━━━━━ DATA FOR THIS EXERCISE
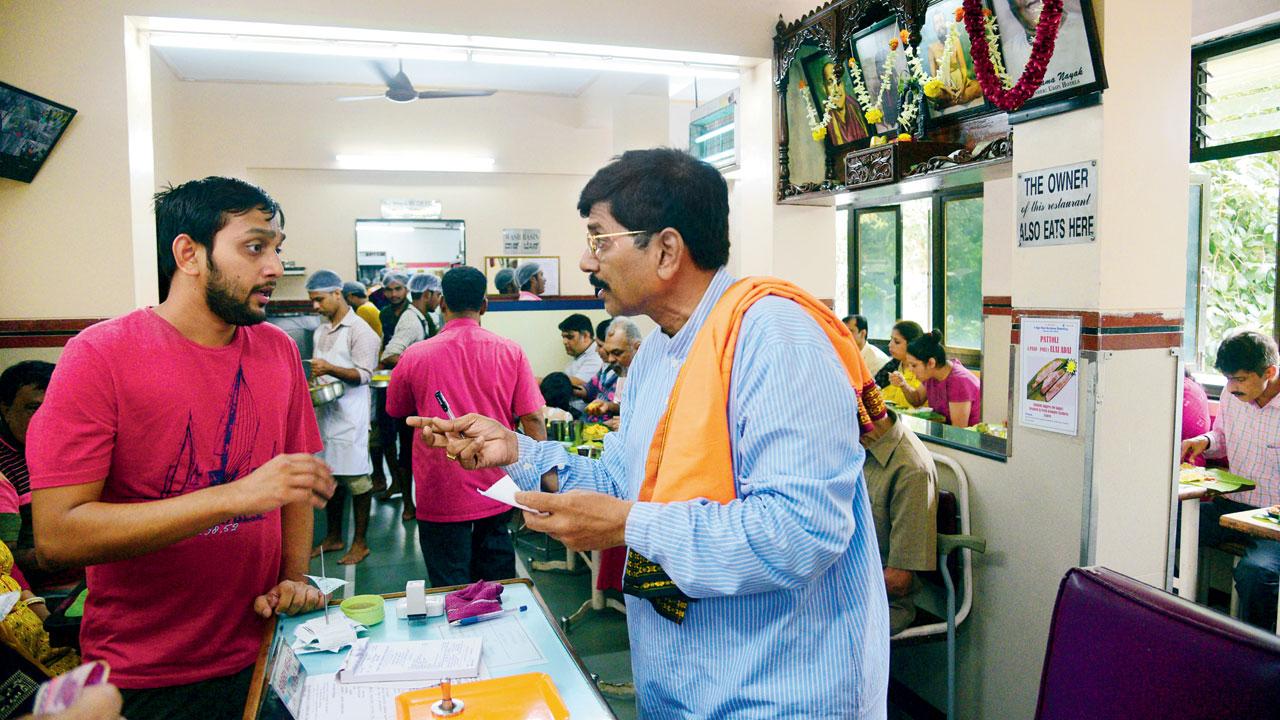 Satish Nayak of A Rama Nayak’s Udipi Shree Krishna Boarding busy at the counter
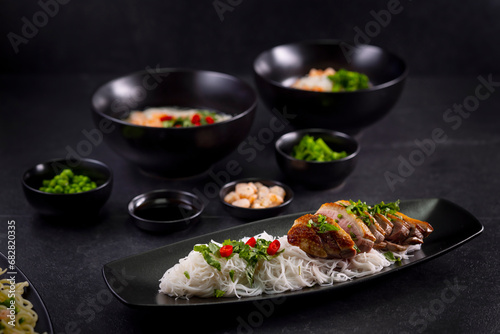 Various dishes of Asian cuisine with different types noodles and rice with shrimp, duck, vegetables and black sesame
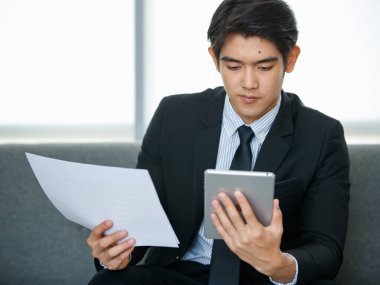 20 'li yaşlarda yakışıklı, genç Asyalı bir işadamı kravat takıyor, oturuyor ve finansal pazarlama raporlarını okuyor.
━━━━━━━━━━
━━━━━ DATA FOR THIS EXERCISE
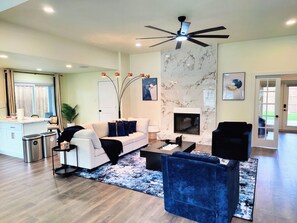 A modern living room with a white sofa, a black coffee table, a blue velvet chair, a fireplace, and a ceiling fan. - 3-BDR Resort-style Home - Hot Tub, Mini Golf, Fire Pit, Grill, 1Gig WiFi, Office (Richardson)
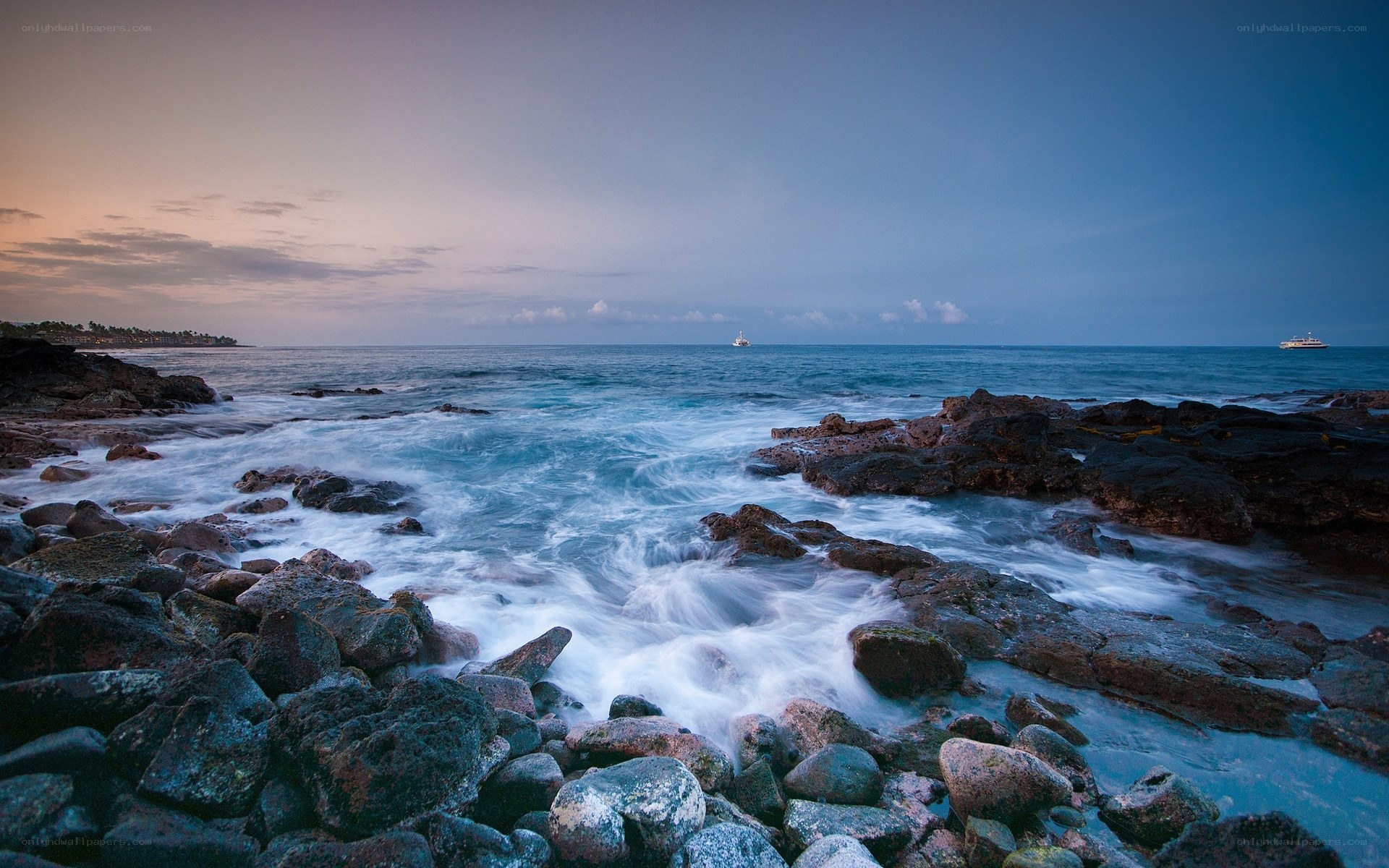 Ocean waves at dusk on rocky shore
━━━━━━━━━━
━━━━━ DATA FOR THIS EXERCISE
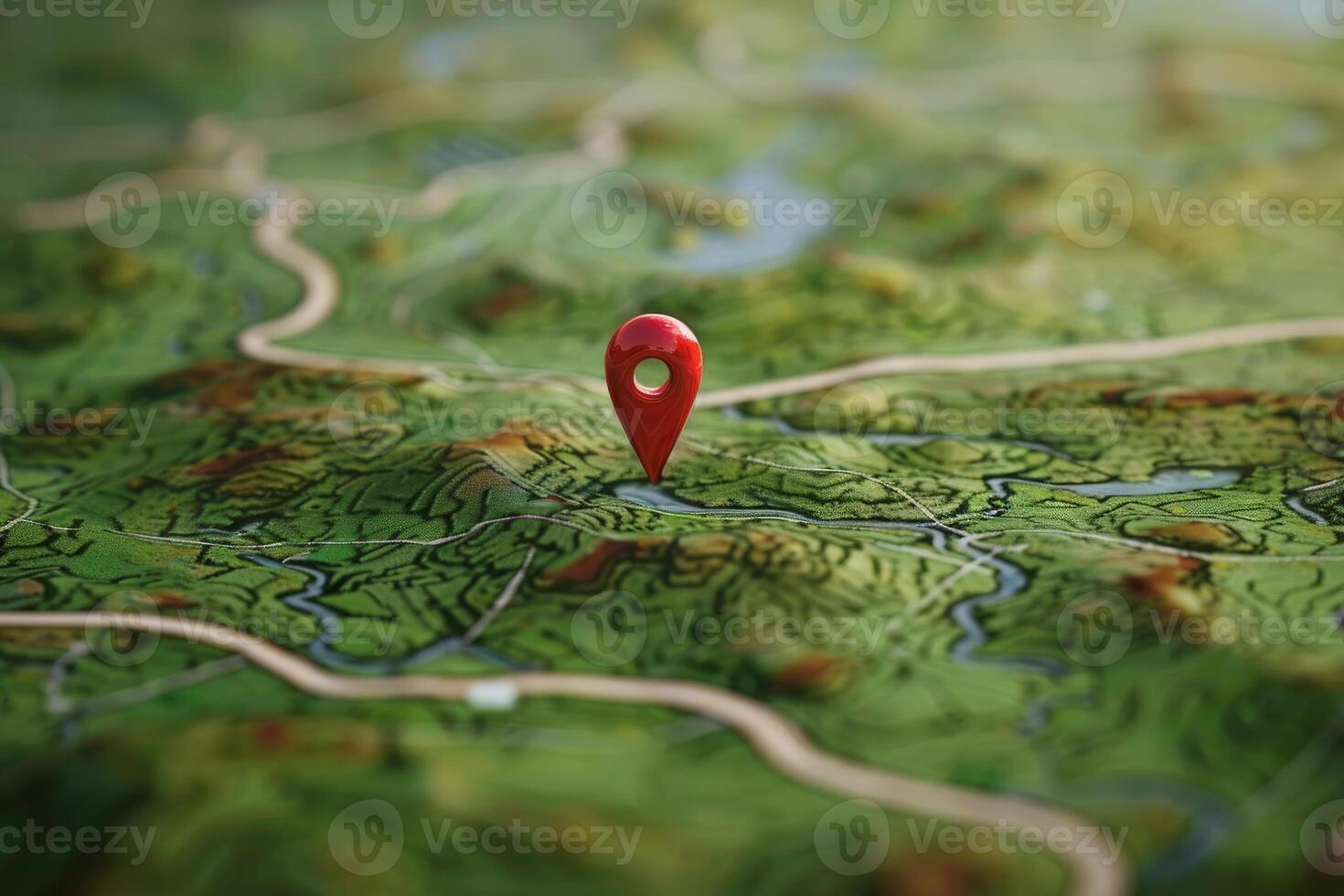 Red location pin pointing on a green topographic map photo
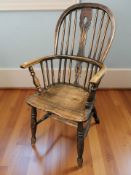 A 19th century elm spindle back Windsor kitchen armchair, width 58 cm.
━━━━━━━━━━
▶ **PROMPT**
Return word for word the lines of the listing above, starting at the line with "Satish Nayak of" and ending at the line with "20 'li yaşlarda", both included. Pictures do not belong in the copy.

▶ **OUTPUT BELOW**
 Satish Nayak of A Rama Nayak’s Udipi Shree Krishna Boarding busy at the counter
 Various dishes of Asian cuisine with different types noodles and rice with shrimp, duck, vegetables and black sesame
 20 'li yaşlarda yakışıklı, genç Asyalı bir işadamı kravat takıyor, oturuyor ve finansal pazarlama raporlarını okuyor.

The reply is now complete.